Theorem 2: Suppose ${\displaystyle X}$ is a compact topological space and ${\displaystyle \{C_{n}\}}$ is an infinite sequence of non-empty, closed sets such that ${\displaystyle C_{1}\supseteq \cdots C_{k}\supseteq C_{k+1}\cdots ,\,}$. Assume, by contradiction, that ${\displaystyle \bigcap _{n=1}^{\infty }C_{n}=\varnothing }$. Then we will build an open cover of ${\displaystyle X}$ by considering the complement of ${\displaystyle C_{n}}$ in ${\displaystyle X}$, i.e. ${\displaystyle U_{n}=X\setminus C_{n},\forall n}$. Each ${\displaystyle U_{n}}$ is open since the ${\displaystyle C_{n}}$ are closed.
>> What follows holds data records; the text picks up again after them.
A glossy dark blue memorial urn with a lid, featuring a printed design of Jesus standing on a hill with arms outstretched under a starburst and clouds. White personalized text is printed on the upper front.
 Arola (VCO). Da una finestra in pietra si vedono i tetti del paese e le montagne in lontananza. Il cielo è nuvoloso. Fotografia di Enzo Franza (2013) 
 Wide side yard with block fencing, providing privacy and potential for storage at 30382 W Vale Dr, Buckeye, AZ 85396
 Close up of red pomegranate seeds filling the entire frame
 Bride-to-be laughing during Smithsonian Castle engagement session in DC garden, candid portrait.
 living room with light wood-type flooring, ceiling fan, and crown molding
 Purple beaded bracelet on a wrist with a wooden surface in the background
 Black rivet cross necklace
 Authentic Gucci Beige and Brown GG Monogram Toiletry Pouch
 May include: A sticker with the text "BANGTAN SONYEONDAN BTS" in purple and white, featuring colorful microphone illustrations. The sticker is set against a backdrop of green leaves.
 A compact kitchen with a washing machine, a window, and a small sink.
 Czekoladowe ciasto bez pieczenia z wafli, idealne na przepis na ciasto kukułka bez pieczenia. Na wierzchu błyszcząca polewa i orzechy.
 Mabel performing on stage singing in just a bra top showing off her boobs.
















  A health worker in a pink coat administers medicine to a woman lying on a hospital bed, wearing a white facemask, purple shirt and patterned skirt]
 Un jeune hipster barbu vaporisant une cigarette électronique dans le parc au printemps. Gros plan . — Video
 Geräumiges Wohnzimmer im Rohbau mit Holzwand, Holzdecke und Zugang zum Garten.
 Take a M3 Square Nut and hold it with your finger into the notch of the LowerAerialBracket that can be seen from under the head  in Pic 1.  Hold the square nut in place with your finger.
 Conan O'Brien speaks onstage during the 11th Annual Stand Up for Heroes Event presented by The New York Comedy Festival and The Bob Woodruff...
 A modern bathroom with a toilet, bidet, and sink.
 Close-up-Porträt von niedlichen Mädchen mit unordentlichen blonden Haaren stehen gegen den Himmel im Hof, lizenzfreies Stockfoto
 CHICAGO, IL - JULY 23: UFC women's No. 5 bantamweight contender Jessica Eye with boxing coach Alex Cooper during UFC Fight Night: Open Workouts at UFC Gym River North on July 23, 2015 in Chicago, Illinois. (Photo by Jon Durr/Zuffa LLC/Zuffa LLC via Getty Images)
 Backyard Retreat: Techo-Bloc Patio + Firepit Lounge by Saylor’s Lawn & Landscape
Notice that ${\displaystyle \bigcup _{n=1}^{\infty }U_{n}=\bigcup _{n=1}^{\infty }(X\setminus C_{n})=X\setminus \bigcap _{n=1}^{\infty }C_{n}}$, but we assumed that ${\displaystyle \bigcap _{n=1}^{\infty }C_{n}=\varnothing }$ so that means ${\displaystyle \bigcup _{n=1}^{\infty }U_{n}=X}$. So, there are infinite many ${\displaystyle U_{n}}$ covering our compact ${\displaystyle X}$. That means there exists a large ${\displaystyle N}$ such that ${\displaystyle X\subset \bigcup _{n=1}^{N}U_{n}}$. Notice, however, that ${\displaystyle C_{n}\supset C_{n+1},\forall n}$ implies that ${\displaystyle X\setminus C_{n}=U_{n}\subset U_{n+1}=X\setminus C_{n+1},\forall n}$. The only way for the nested and increasing ${\displaystyle U_{n}}$ to cover ${\displaystyle X}$ is if there is some index, call it ${\displaystyle k}$, such that ${\displaystyle X=U_{k}}$. This implies though that ${\displaystyle C_{k}=X\setminus U_{k}=\varnothing }$. This is a contradiction since we assumed that the ${\displaystyle C_{n}}$ were non-empty. Hence, ${\displaystyle \bigcap _{n=1}^{\infty }C_{n}\neq \varnothing }$.

Notice that in regards to the proof of Theorem 2, we don't need Hausdorffness. At no point in time do we appeal to the nature of points in the space. It is simply a statement about empty or not.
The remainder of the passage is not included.